The Sudoku craze added another chapter in its phenomenal development last weekend when the gripping number puzzle made its debut as a spectator sport at its inaugural world championships in Italy.
Jana Tylova, a 31-year-old accountant from the Czech Republic, was crowned the queen of Sudoku on Saturday after beating off the challenge of two Americans in a frenetic final round of the two-day event which drew 85 contestants from 22 countries.
But it was the manner of her victory, as she hastily scrawled numbers on a flip chart in front of a room full of tense supporters and spectators, which struck Wayne Gould, the jovial New Zealander known as Suduko's "guru" since transforming the ancient puzzle into a worldwide craze.
Watching people think doesn't suggest a spectator sport with lasting appeal, but Gould sees the potential of the flip charts, which he had never seen used before in Sudoku.
One of the Americans, Thomas Snyder, found the unaccustomed attention a little offputting.
"It's something new that I have not done. It was a little distracting standing up in public and having all those photographers trying to get you from every angle, from the front, from behind. etc."
Gould's advice is that he should get used to it, as the Sudoku craze is here to stay: "I can see the day when video cameras could be fixed to the top of the flip charts.
"It doesn't really suggest itself as a spectator sport, but look at darts," he said, referring to top viewer ratings in Britain for televised darts tournaments.
"It could be like watching grand masters playing chess, only with more action," he said.
Tylova's victory was something of a surprise as she finished only ninth after the first round -- the only woman in the top 18.

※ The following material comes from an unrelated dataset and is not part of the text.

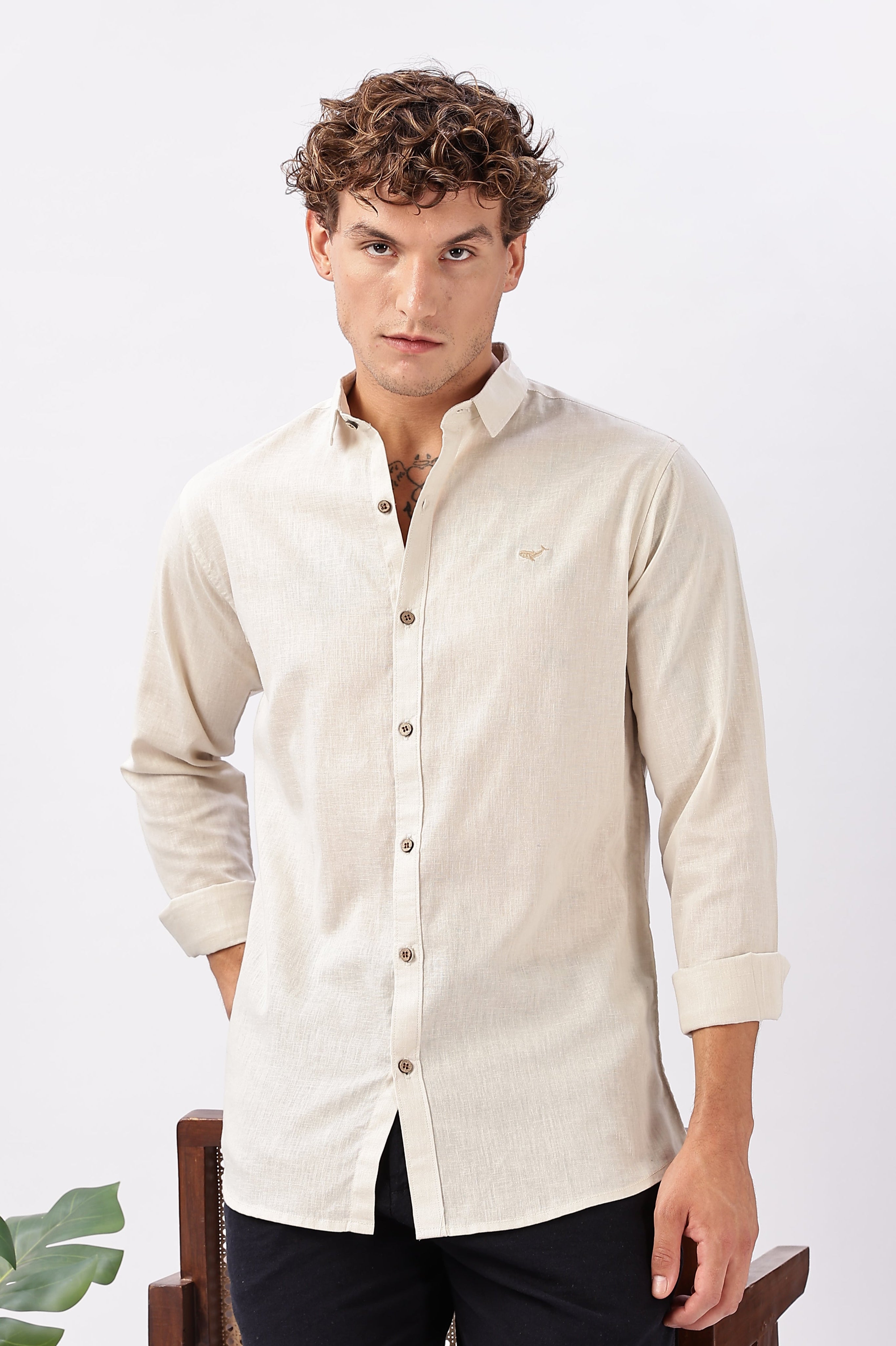 Brussels Beige Cotton-Linen Essential Shirt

Women made up around 30 percent of the competitors and that ratio held true to the end, when the quiet Eastern European joined the two confident, chatty Americans -- Snyder, a 26-year old chemistry graduate student at Harvard University, and Huang Wei-ha, 30, a software engineer at Google.
"These guys are quite exceptional. They're practically off the planet," Gould said. "I can't begin to understand how they do the puzzles. It's all a bit too stressful and serious for me!"
The three finalists, and many of those they left in their wake, are what World Puzzle Championship inventor Will Shortz calls "top solvers." All are veterans of his annual championship in the US.
The fiendishly difficult puzzles ranged from classic Sudoku -- the familiar newspaper style grid of three-by-three boxes -- to more celebral variations such as mechanical Sudoku and extra-regions Sudoku, all worked out against the clock.
Shy or not, Tylova's life is about to change as the new "sport" in which she excels continues to grow.
According to Gould, a 60-year-old retired judge, the impact of her win will be "huge."
Gould said earlier, before the final, that the victory would impact on the winner "more than he realizes. When he dies they'll put in his obituary that he was the first ever world champion.
"He'll just have to open is mouth and say something stupid and people will think it was clever."
Journalists managed to draw a predictable declaration of gender equality from the new champion.
"There is no difference between men and women and I tried to prove that even in logic, men and women are on the same level," she said to loud cheers.